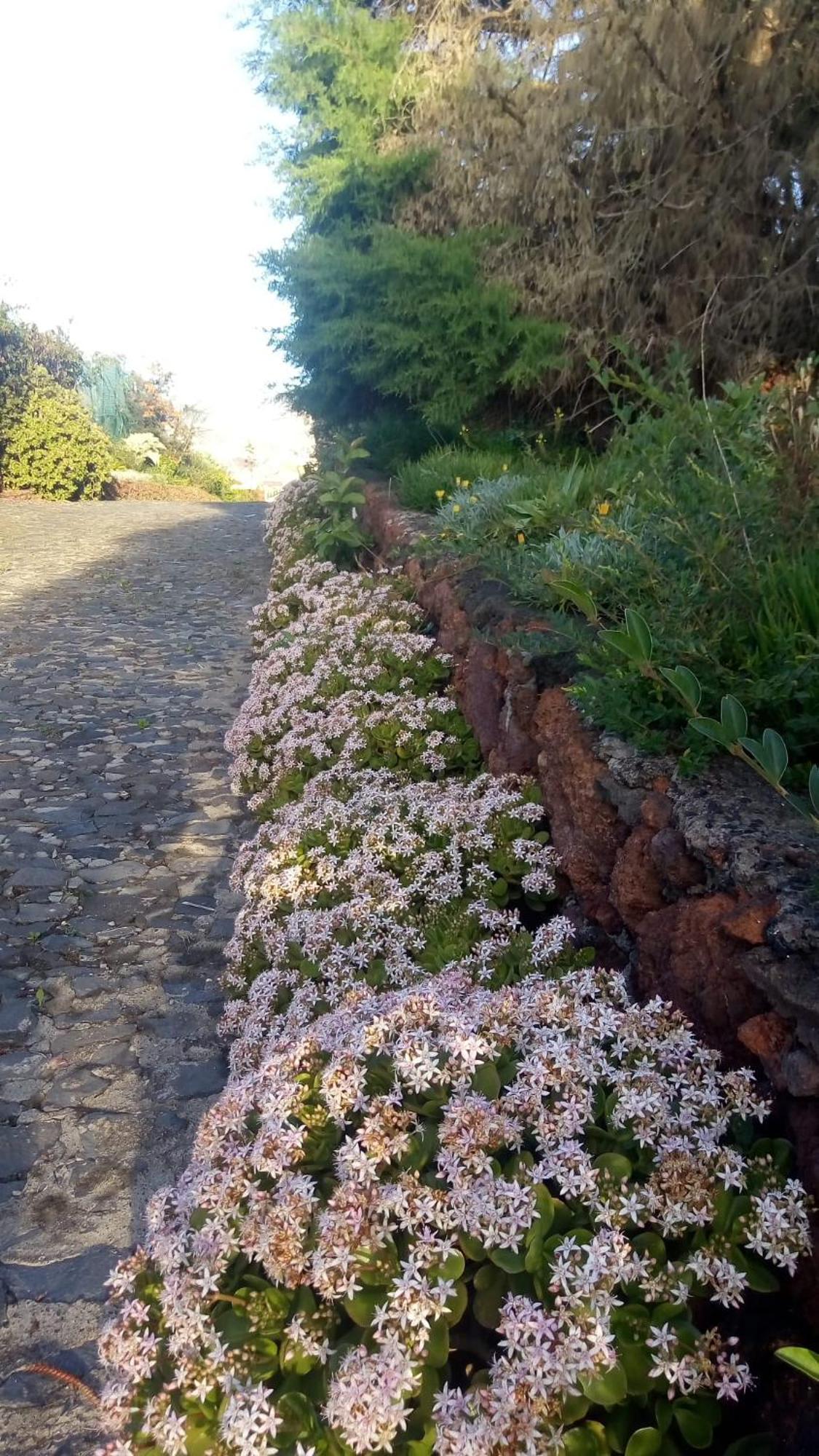 Biofuncho Garden Apartamento Funchal (Madeira)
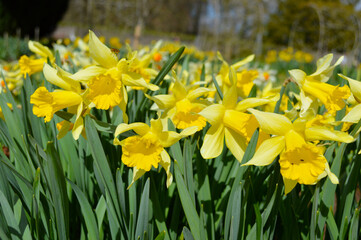 Yellow daffodils blooming in a garden in Scotland, UK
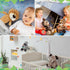 12 8 Inch Set HyDren Pieces Safari Stuffed Animals Jungle Animal Toys Boys Girls Plush Forest Animals Lion Elephant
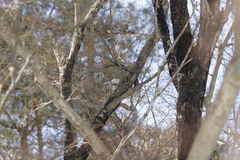 Aegithalos caudatus trivirgatus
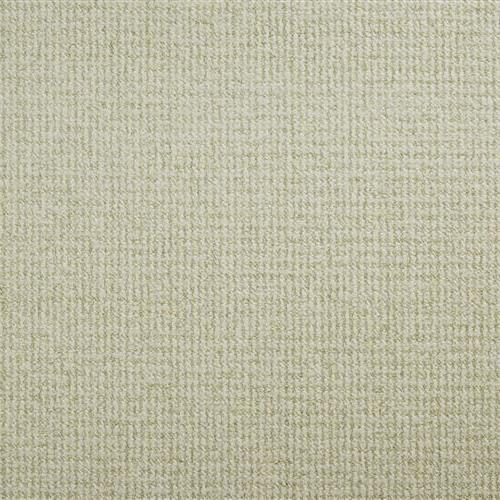 Pacific Tweed in Pactw Meadow Carpet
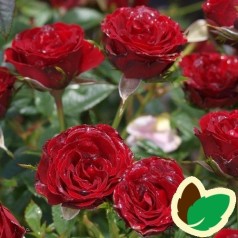 Rose Tatoo - Slyngrose Courtyard Climber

The problem: The answer must be the exact lines from the line with "Yellow daffodils blooming" to the final line of the data, both ends included, with no pictures.

Written reply:
 Yellow daffodils blooming in a garden in Scotland, UK
 12 8 Inch Set HyDren Pieces Safari Stuffed Animals Jungle Animal Toys Boys Girls Plush Forest Animals Lion Elephant
 Aegithalos caudatus trivirgatus
 Pacific Tweed in Pactw Meadow Carpet
 Rose Tatoo - Slyngrose Courtyard Climber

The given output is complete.